No sé cuanto tiempo llegó a pasar hasta que decidió asomar la cabeza de nuevo. Algo había cambiado, la oscuridad era más tenue, menos temerosa, alguien estaba luchando contra ella. 
Notó el frío del suelo que descargó en todo su cuerpo. De cuclillas, se dirigió hacia donde provenía esa disconformidad en el pasillo. Mientras se aproximaba pensaba que podría ser, las luces de la casa estaban apagadas y no se acordaba de haber dejado ningún rincón encendido. No se lo pensó demasiado a la hora de girar y descubrir que había provocado ese tenue halo de luz. Delante suyo estaba el trozo de pastel que había soplado, con las velas encendidas, derritiéndose poco a poco. Justo al lado había una pequeña nota. Se tuvo que acercar para poder leerla:

"Si crees en los monstruos, también tienes que creer en los héroes"

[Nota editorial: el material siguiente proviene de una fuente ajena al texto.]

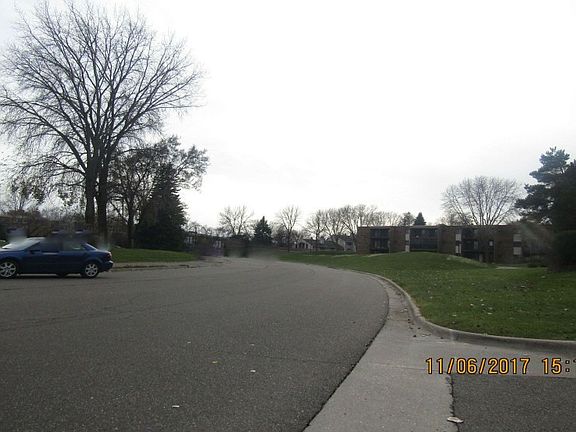 4th image of 35 Nathan Ln N APT 315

martes, 4 de noviembre de 2014

El último pensamiento antes de irme a dormir

La duda me asalta desde las sombras, acechándome allá donde voy, sin piedad, fría y calculadora. Salta sin previo aviso y lo deja hecho todo añicos. Es entonces cuando me toca reconstruirme, recoger todos los pedazos y ponerlos en su sitio, algunos más arrugados, otros más sucios e incluso algunos que acaban perdiéndose en el mundo platónico. El resultado, lamentablemente, no llega a la altura de lo esperado. Podríamos culpar a las expectativas, por estar siempre tan arriba. Podríamos culpar a este desorden, pero entonces estaríamos culpando al mundo entero. Podríamos culpar, pero no ganaríamos más que alguien que no merece tener ese peso en sus hombros. Nos acabaríamos apuntando a nosotros por no encontrar la salida, de no rellenar los huecos, de verlo todo tan negro como el carbón.

Pero esos pedazos siempre han estado ahí, en algún rincón de nuestro subconsciente, vagando durante días en un mar de preguntas. Preguntas que si no las hiciésemos, nos darían, probablemente, un puñado de fuerza.

¿Qué es un mundo feliz? Son esos momentos en los que él me hace sonreír, en los que me siento alguien capaz, aquellos que brillan con luz propia. No todo son sombras escondiéndose tras la pared. No hay nada que perder cuando se trata de levantarse por enésima vez. No si al final del camino em fan creure.